The cost of selling a home varies based on location, property type, and your goals as a vendor: requiring smart investment in the right areas.
There are, however, common costs that every Australian homeowner should budget for. These include pre-sale preparation, marketing and legal costs, and agent fees plus commission.
The importance of presentation is often misunderstood by vendors, according to Joseph Luppino from Village Real Estate Seddon.
“A lot of people spend a lot of time shopping for real estate agents and tailoring the marketing and they let it all down when buyers come through the door and the property is not presented in the right way,” he says.
Enhancing the home’s presentation can help generate inquiries and increase competition.
Maintenance tasks could include:
Sam Davenport, vendor’s advocate at Prop Culture, says: “You want to work out, what are your big ticket items? You might not be able to paint, but just steam clean the carpet. Maybe the walls are looking okay, so you paint the ceiling, or vice versa.”
Professional styling for a property is another cost that should be factored in.
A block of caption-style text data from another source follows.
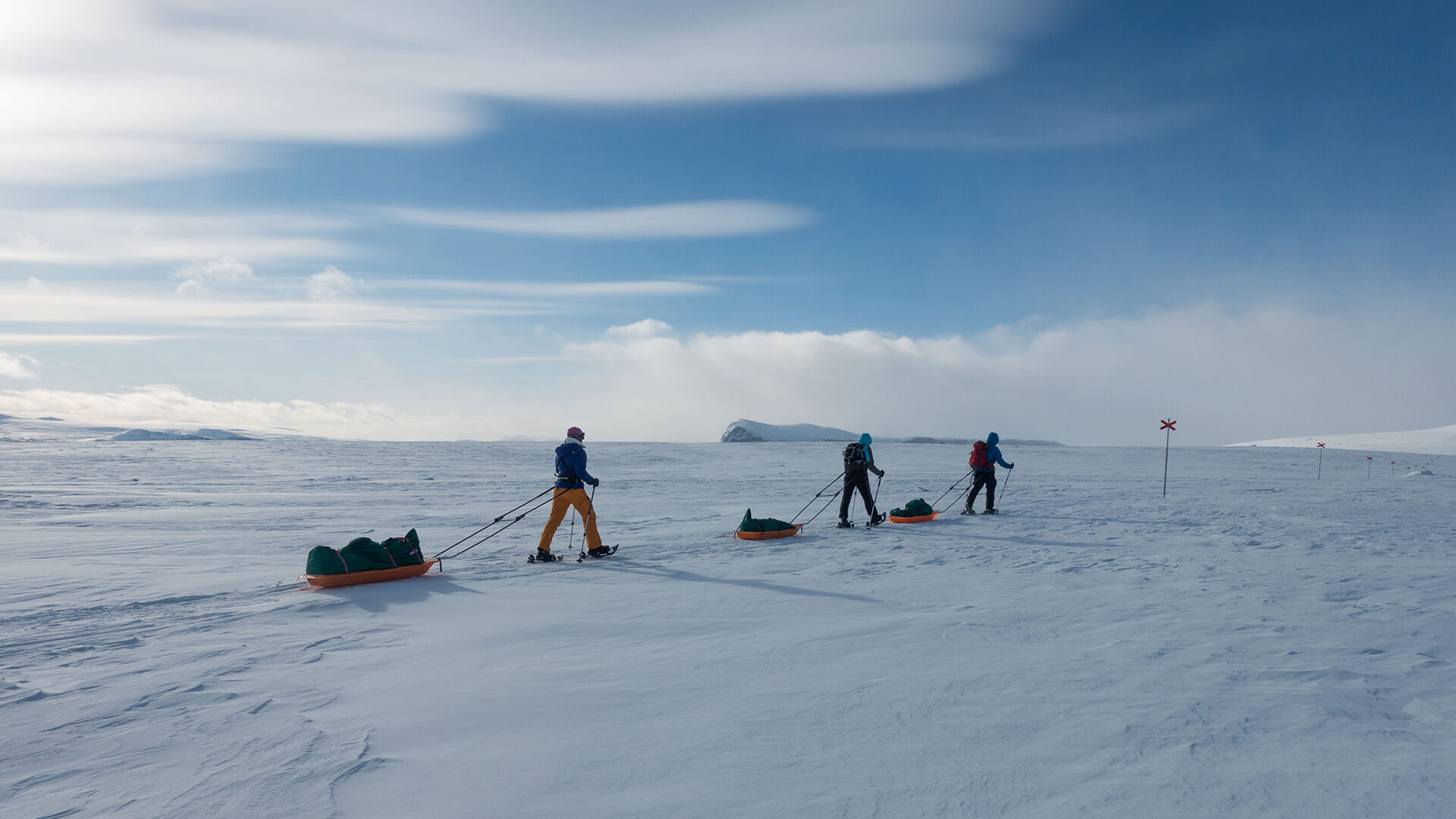 Winter-Hüttentour Kungsleden: Von Saltoluokta nach Kvikkjokk | Arktisches Abenteuer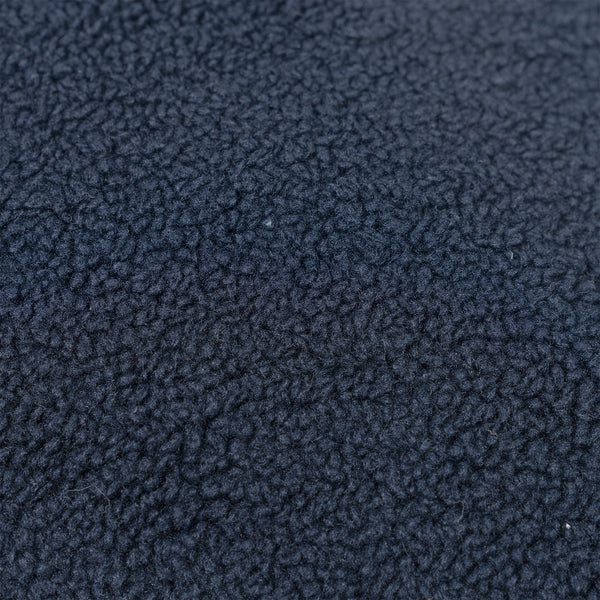 Varmepude 45 x 45cm - Sherpa Navy Fabric Close-up Image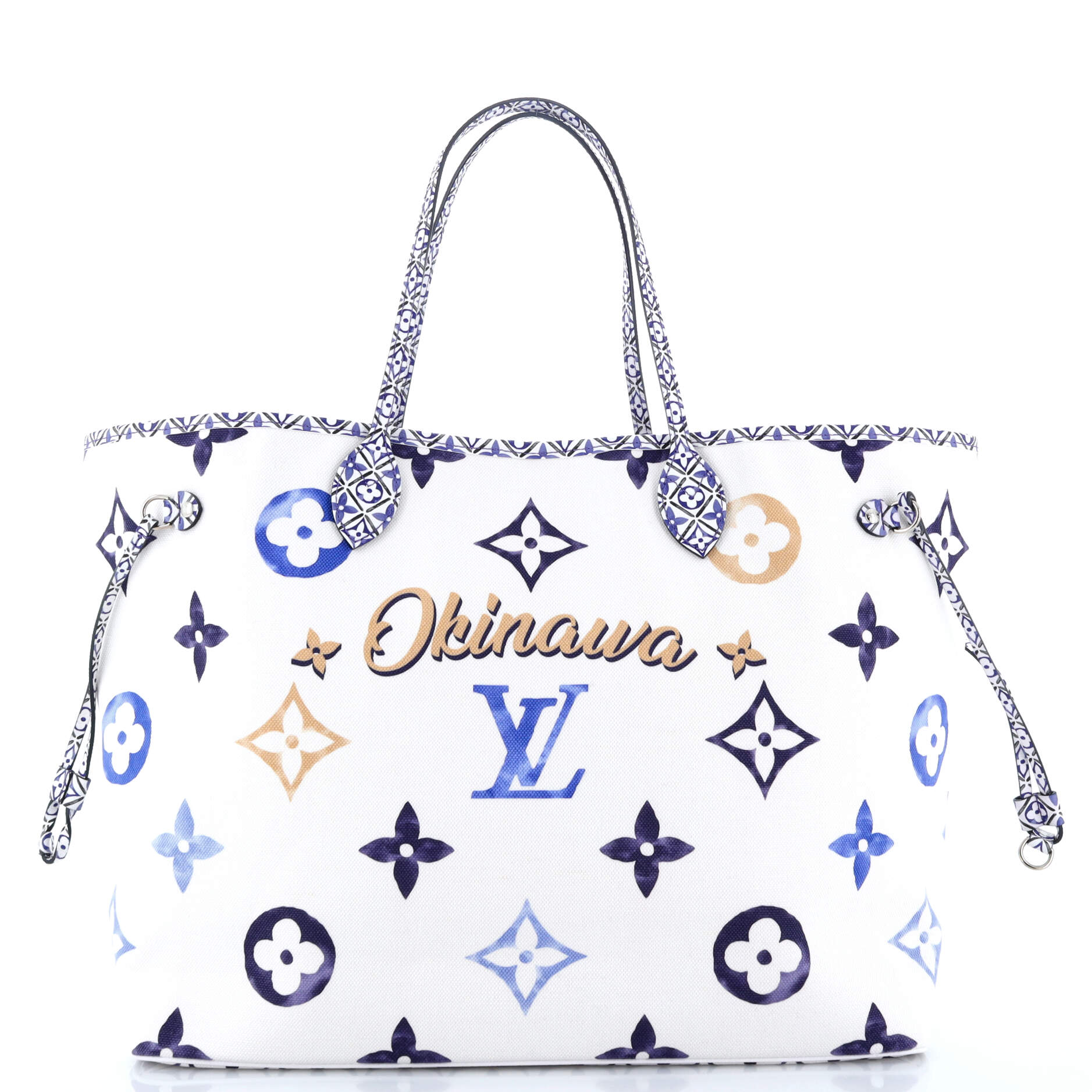 Louis Vuitton Neverfull NM Tote Limited Edition Cities By The Pool Monogram Watercolor Giant GM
The more activity that exposes the property to a broad pool of active and passive buyers, the better the results.
This is the view of Giorgio Koula, sales associate at Sydney Sotheby’s International Realty. Koula believes it’s the agent’s responsibility to essentially recoup marketing costs for the seller.
“I heard something many years ago when I first started,” he says. “It’s always better to overspend on marketing than underspend, because it could just be that one buyer that makes a difference.”
A typical marketing package is tailored to your property and buyer demographic. It can include professional photography, floor plans, advertising copy, a signboard, and premium online advertising.
“Properties that have a fantastic view or close proximity to the beach or massive land size might lend themselves to drone photography,” says Luppino. Koula says that in the prestige property market, video is essential in appealing to international buyers.
But for the average seller, there’s wiggle room for every line item in a marketing schedule. This is the advice of Tabitha Robb, vendor’s advocate at Prop Culture.
She says: “The cheapest way to sell is off market because you’re avoiding your advertising costs, and often styling and pre-sale works, but it doesn’t necessarily equate to getting the best result.”
On the legal side, conveyancing services start at between $1500 and $2000, which includes preparing the contract, liaising with potential buyers’ legal representatives during the campaign, and settlement of the property.
Davenport says that some sellers take a DIY approach to preparing contracts, using online services, which she “never recommends” as an option.
Koula agrees, saying: “It’s always best to engage a solicitor in case something does go wrong in the settlement process, because thereafter a conveyancer can’t act on your behalf.”
Home owners with a mortgage should also expect to pay their lender at least $300 in discharge fees, but this can vary from lender to lender. You may need to account for the cost of a broker, Koula says, if you have a fixed loan.
Once preparation and marketing yields a successful sale, the vendor will need to pay their agent’s commission.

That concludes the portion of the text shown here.